===== Listed entries =====

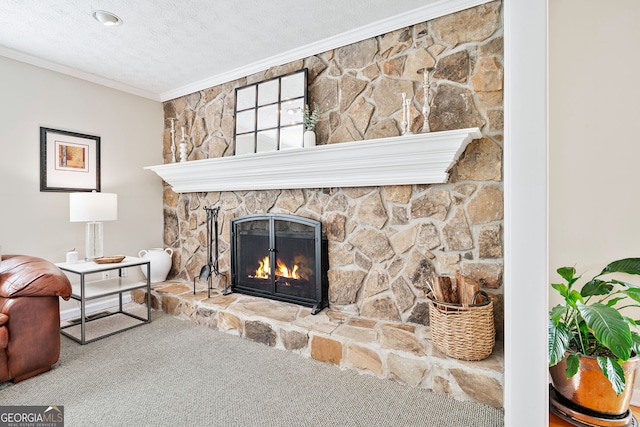 interior details with carpet floors, a textured ceiling, a fireplace, and crown molding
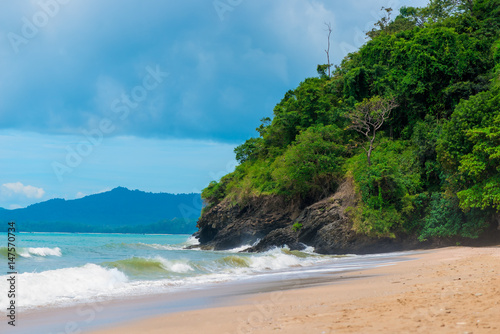 Sandy beach and cliffs of Thailand in inclement weather, dark blue sky over the sea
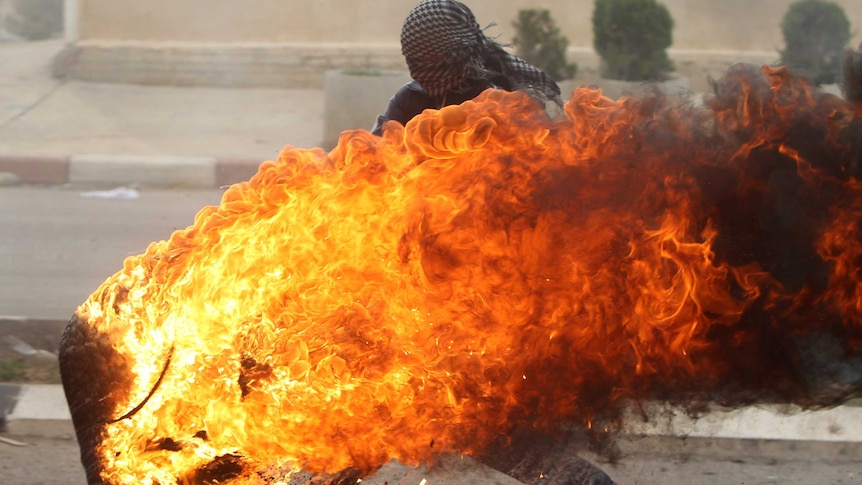 A Palestinian student pushes a burning tyre during clashes with Israeli soldiers in the Gaza Strip.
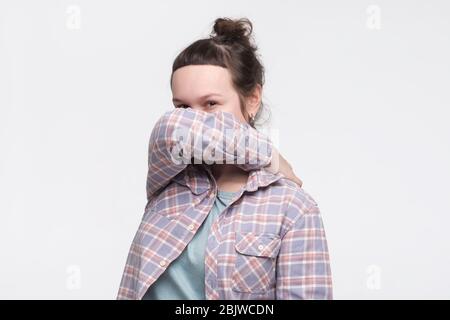 Caucasian woman covers his face with his hands. Depression and loneliness in youth. Stock Photo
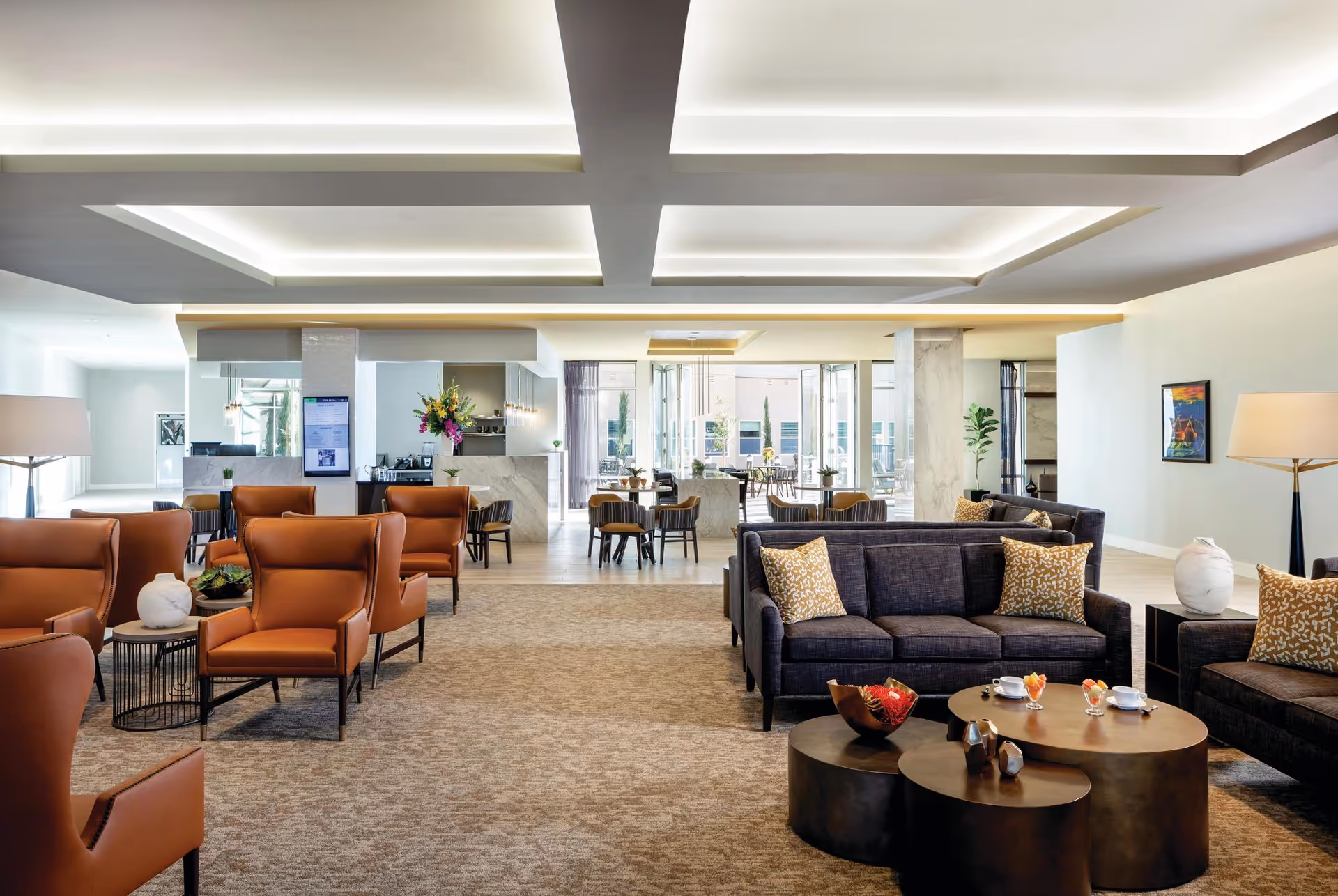 A spacious and modern living room area in a senior living facility featuring multiple brown leather armchairs and dark gray sofas with patterned cushions. The room has a beige carpet, round coffee tables with decorative items and cups, large windows letting in natural light, and a ceiling with recessed lighting. In the background, there is a dining area with tables and chairs and a counter with flowers and a coffee machine.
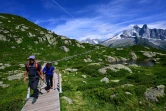 Des randonneurs marchent sur une structure nouvellement construite pour préserver la nature sur un sentier menant au lac Blanc, dans la réserve naturelle des Aiguilles Rouges, face au Mont Blanc, au-dessus de Chamonix, le 31 juillet 2023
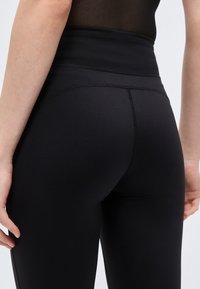 Κοντινό πλάνο ενός ατόμου που φοράει μαύρο κολάν με ψηλή μέση και ορατές ραφές κατά μήκος της ζώνης μέσης και της πλάτης.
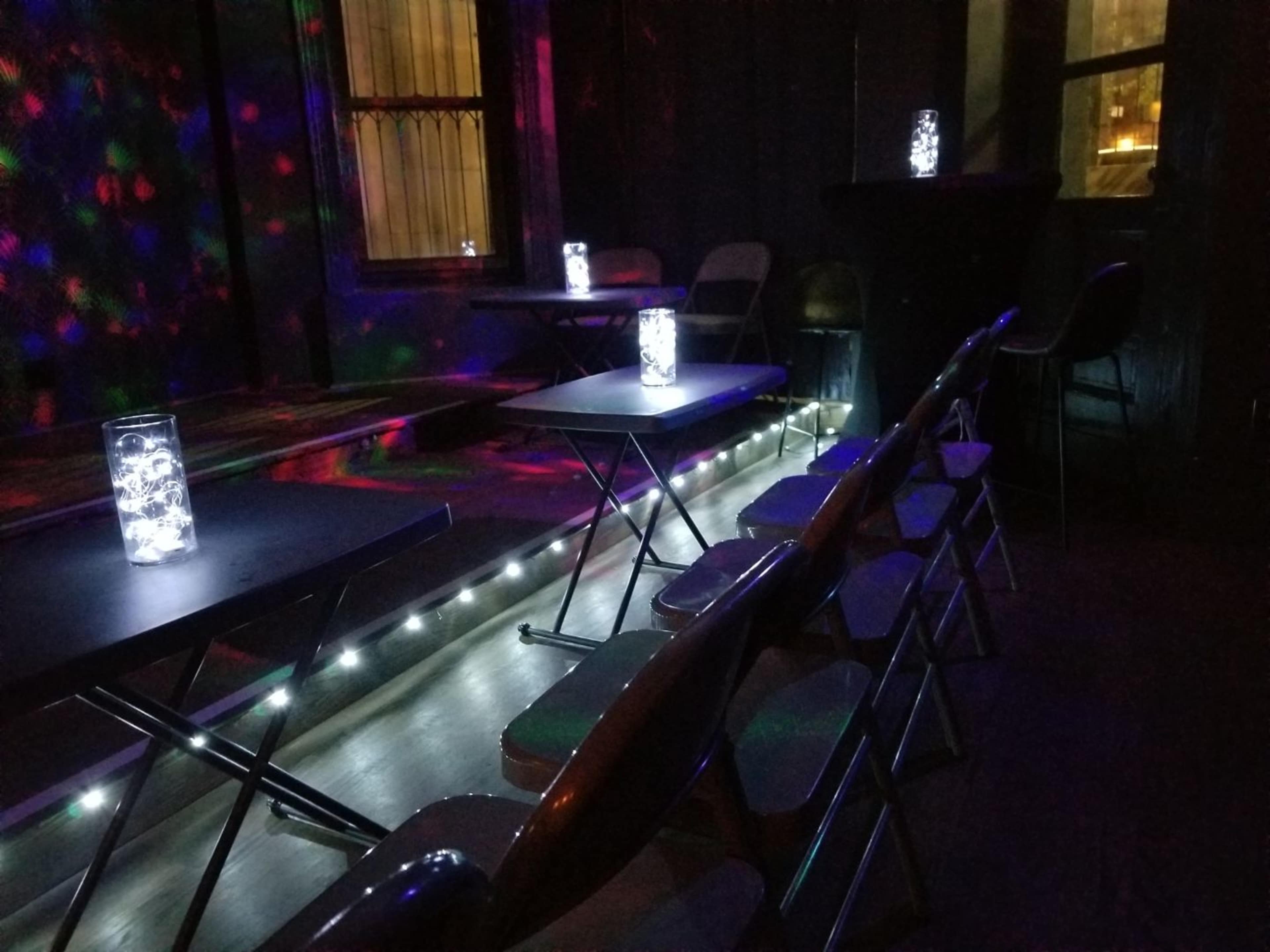 A dimly lit room with several folding chairs arranged in rows facing tables, each topped with illuminated glass containers.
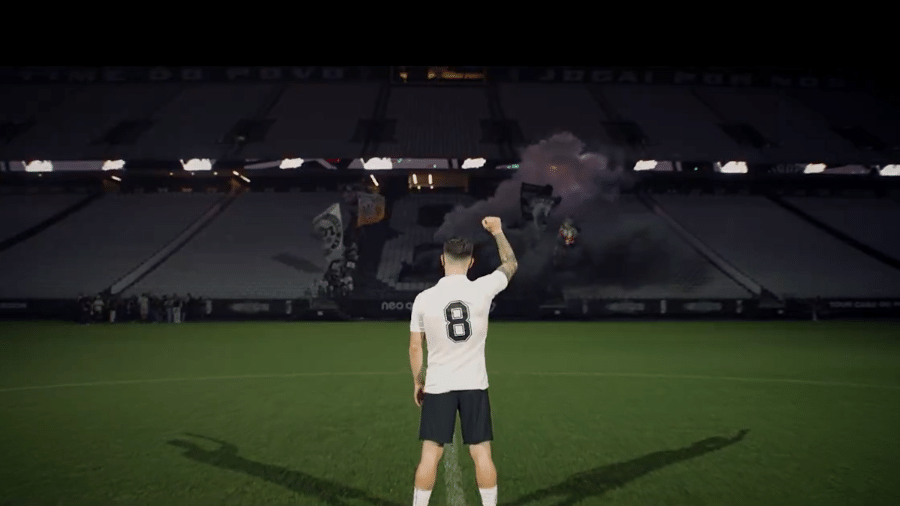 a man holding a soccer ball in front of a stadium, Rodrigo Garro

=====

[Instructions for the task]
Leave out the pictures and repeat exactly the lines from the first line of the data through the line containing "Caucasian woman covers". Add nothing else.

[Exercise result]
 interior details with carpet floors, a textured ceiling, a fireplace, and crown molding
 Sandy beach and cliffs of Thailand in inclement weather, dark blue sky over the sea
 A Palestinian student pushes a burning tyre during clashes with Israeli soldiers in the Gaza Strip.
 Caucasian woman covers his face with his hands. Depression and loneliness in youth. Stock Photo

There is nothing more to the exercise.